En toute honnêteté, il y a peu de chances pour que On The Rocks fasse date, plombé par quelques longueurs, mais quel plaisir de voir qu'une actrice comme Rashida Jones puisse enfin accéder à ce genre de rôles ambivalents au cinéma, sans avoir à se les écrire elle-même, comme ce fut le cas en 2012 avec Celeste and Jesse Forever. «J'aimerais être la pleine expression de moi-même, et d'une manière étrange, le film de Sofia Coppola, ce personnage, est une version que je n'ai jamais pu jouer auparavant», confie-t-elle à Harpers Bazaar, confirmant les propos tenus par la réalisatrice américaine au sein du même média: «Nous la connaissons grâce à des rôles comiques, alors qu'elle a également un côté réfléchi et profond que nous n'avons pas vraiment vu au cinéma.»
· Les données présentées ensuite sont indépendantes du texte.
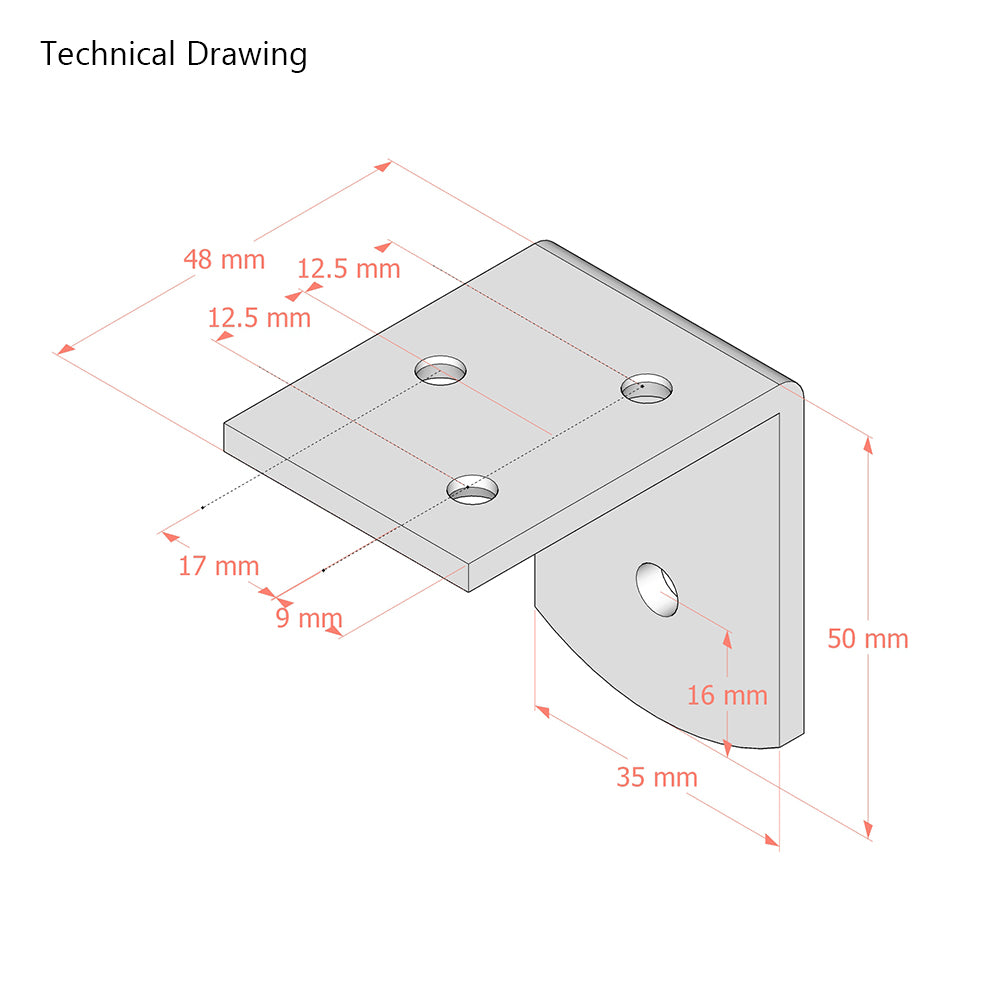 Universal Heavy Duty (3.5mm) L Shaped Bed Centre Rail Bracket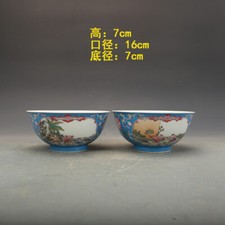 6.4“ Old Chinese Qing Dynasty porcelain Enamel color diagram A pair of bowls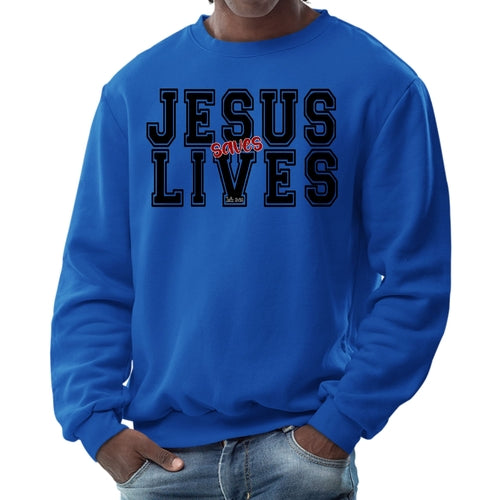 Mens Graphic Sweatshirt - Jesus Saves Lives Black Red Illustration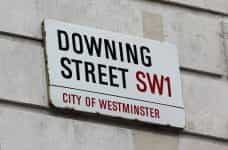 A Downing Street sign in the City of Westminster.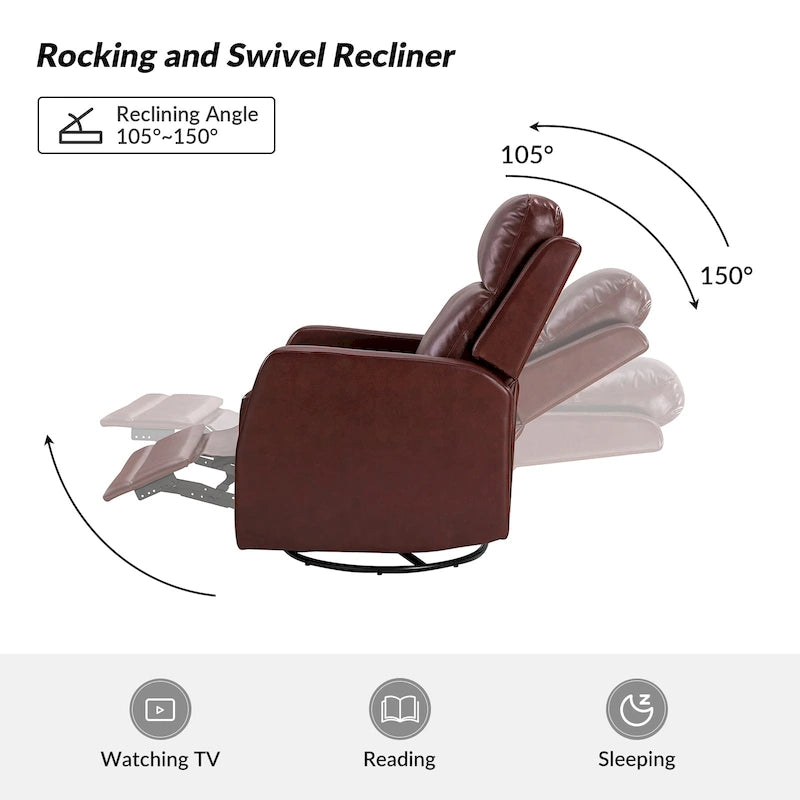 Fauteuil à bascule manuel/fauteuil inclinable pivotant en similicuir moderne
Une déclaration qui ferait presque office d'avertissement: oui, Rashida Jones est une figure importante du paysage cinématographique actuel; oui, elle fait partie d'une génération d'acteurs et actrices (James Franco, Jason Segel, Amy Poehler, John Krasinski, etc.) capables de tout faire, de l'écriture à l'interprétation, de la production au chant; et oui, chacun de ses derniers projets semble avoir été pensé comme une façon d'exhorter Hollywood à s'intéresser davantage aux personnages féminins.